Proposition 7: The Solar and Clean Energy Act: NO:
The proposition would have raised the state’s renewable energy targets to 40 percent of the total energy mix by 2020 and 50 percent by 2025. Many groups that would normally endorse higher green energy goals, including environmental groups and cleantech startups, opposed this proposition claiming the confusingly written measure would actually slow renewable energy development. “I think people in California were able to see that Prop. 7, the way it was written, was not going to work,” Jim Metropulos, senior advocate for the Sierra Club, told SFGate. California will still need to work hard to meet its existing renewable portfolio standard to generate 20 percent of its power from renewable sources by 2010.

Proposition 10 The California Renewable Energy and Clean Alternative Fuel Act: NO:
T. Boone Pickens may have poured millions
into the Yes on 10 campaign, but it was to no avail.
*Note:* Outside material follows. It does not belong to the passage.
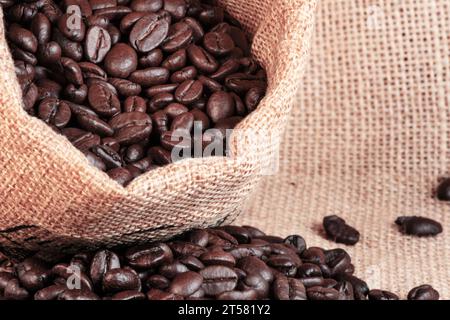 Chicchi di caffè secchi appena sfornati sullo sfondo Foto Stock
The measure, which would have provided big rebates for consumers purchasing alternative fuel vehicles, could have propped up natural gas vehicles with billions at a time when the electric automotive revolution looks to be starting. The prop would have been paid for with $5 billion in state bonds. This takes more wind out of the Pickens Plan’s sails.

San Francisco Proposition H: The San Francisco Clean Energy Act: NO:
San Franciscans have rejected the proposition of the city running its own public power system a dozen times now. This year the measure, which would have given the city supervisors the power to acquire PG&E’s electrical distribution grid, was wrapped in green energy mandates, including the lofty goal of getting the city to generate all of its power from renewable sources by 2040. PG&E will maintain control of its facilities for now and will still have to meet California’s renewable portfolio standard.